Friday, July 9, 2010
There Were Four in the Bed…
At the risk of being controversial, I am going to admit: I’m a co-sleeping mom. Neither of my boys were the kind of infants that you just swaddle up and lay in the bassinet to drift off to sleep. In fact, I would be inclined to consider that type of baby a complete myth if my mom didn’t tell me my brother was that way. I tried to climb out of bed for each feeding, but found myself asleep in the rocking chair. Daddy tried rocking, walking, and soothing so maybe they’d learn to fall asleep without me, but mostly they screamed. I tried lovies, music, fans, and routines. Then I gave in and did what felt right in the first place, I tossed the blankets and pillows, snuggled my baby up to my breast, and slept. There was a time when I wondered if B would ever sleep on his own, but at just over a year, he transitioned with minimal effort. That fact convinced me that I wasn’t making an enormous mistake by allowing T (and myself) the same comfortable sleep scenario. We aren’t a co-sleeping family, at least not regularly. We’ve made exceptions for vacations and the occasional bad dream, but B normally sleeps best in his own room. Sometimes Daddy nods off when he’s putting B to bed, and spends an hour or so there. Sometimes he’s with me and T. Sometimes he’s in the extra bed on his own. It works for us. I’ve expressed concern that my husband might feel “kicked-out” of our bed, but he assures me that he’s happy seeing the boys sleep comfortably and admits he’d be enjoying the same arrangement if the roles were reversed.

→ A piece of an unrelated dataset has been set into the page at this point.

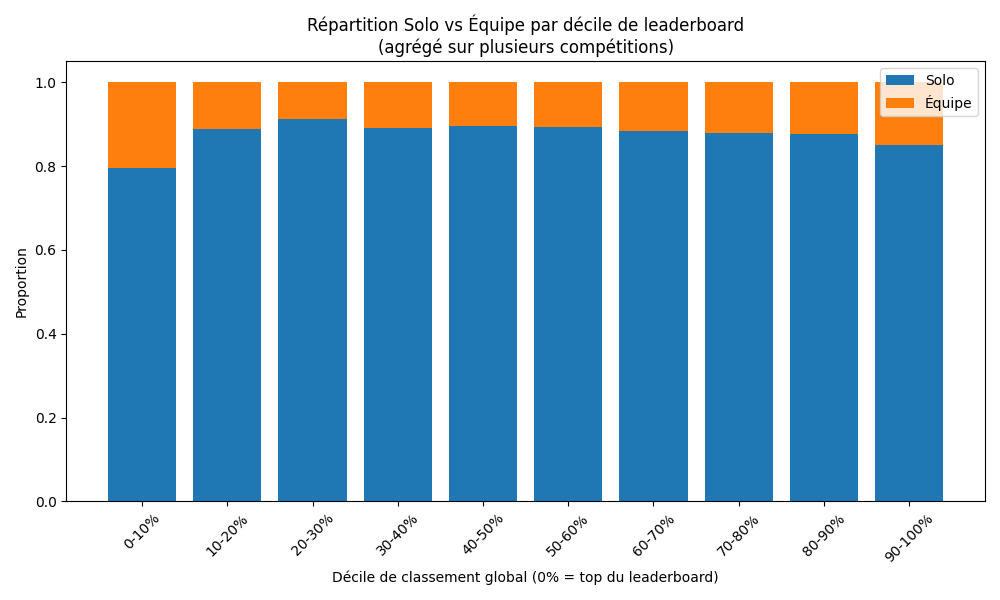 solo_vs_team_by_decile.png
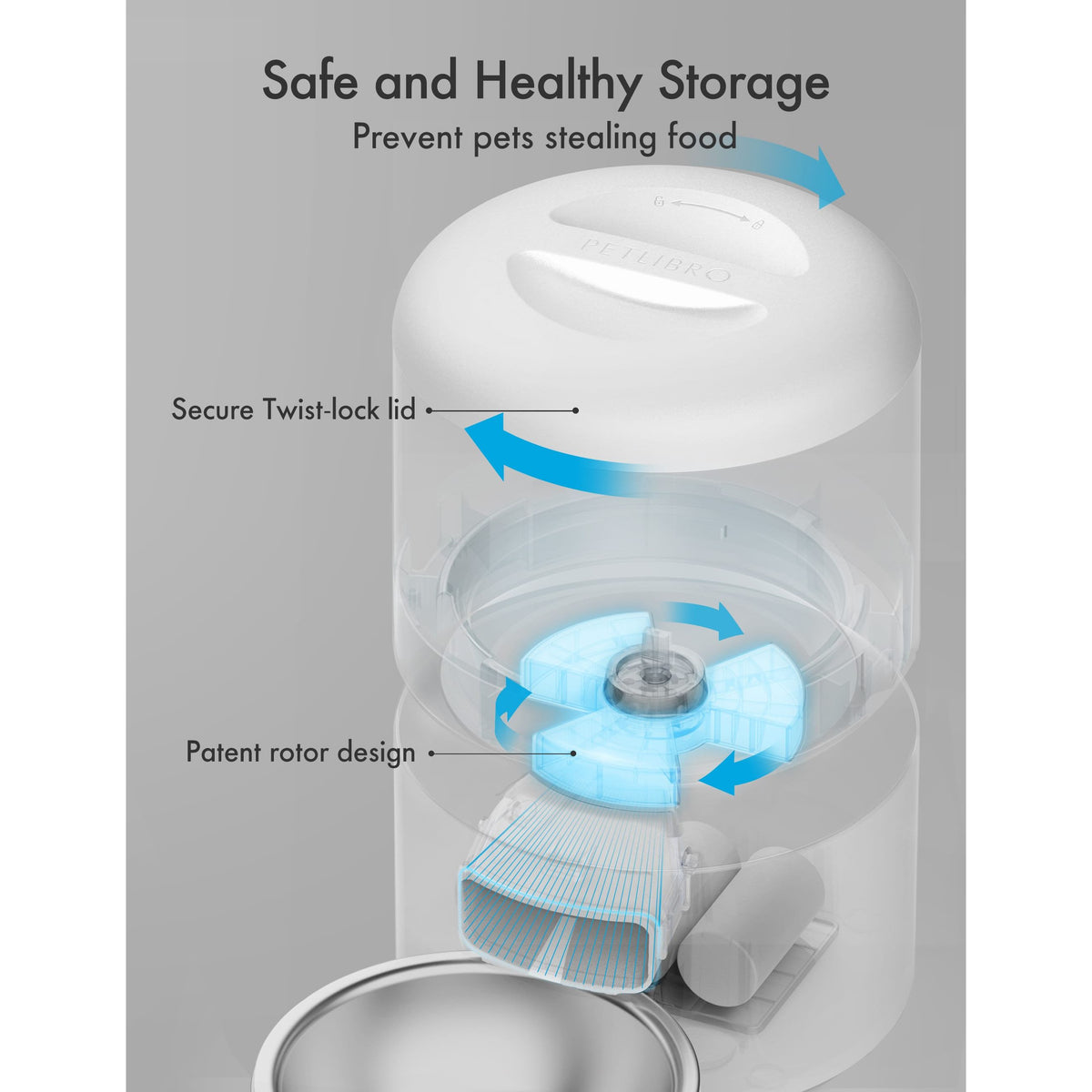 Petlibro Granary 3L Automatic Feeder - White | PL-AF005-91W from Petlibro - DID Electrical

Comfortable is a State of Mind
When we came across The Biggest Bed in the World at our library, I had to bring it home for a bedtime story. In it, Lindsay Camp tells the story of a Mommy and Daddy whose bed just keeps getting fuller and fuller as their family grows! At first, Dad feels cozy with his family cuddled together in bed, but as more and more children come along (7 altogether) it gets too crowded. Dad tries several humorous solutions before building the biggest bed in the world. In it, they can all tuck in comfortably; but unfortunately the biggest bed in the world is too big for their house. With the whole family inside, it falls through the floor, slides down a hill and floats them out to sea! When they return home, they go back to a regular size bed and Dad insists that all children sleep in their own beds. But once he is on his own, Dad finds he can’t get comfortable enough to sleep, and realizes that sacrificing a little space is worth the comfort of sharing a cozy sleep with his family.
If you’re trying desperately to convince your little one that their bedroom is the best place to sleep, you might want to hold off reading this book until you’ve finished that battle. However, when we read it with B, we talked about sleeping where you are comfortable, and that worked for him. He’s comfortable where he can stretch out in his bed, and where he has his nightlight and his fish tank to watch. Right now, T is comfortable sleeping with Mommy because he still wakes up to eat at night. B knows that he can come to our bed if he is sick or scared, and we will help make him comfortable; and he loves to come cuddle there in the mornings! I’m going to risk controversy again when I say I think it was a positive emotional experience for B to share our bed until he was ready to sleep on his own. I’d recommend The Biggest Bed in the world to parents who co-sleep with one child, to those who want to explain why the baby is co-sleeping but an older child isn’t, or to those who just want to enjoy the humor, exaggeration, and fun illustrations.
Appropriate for: toddlers, preschoolers, primary grades.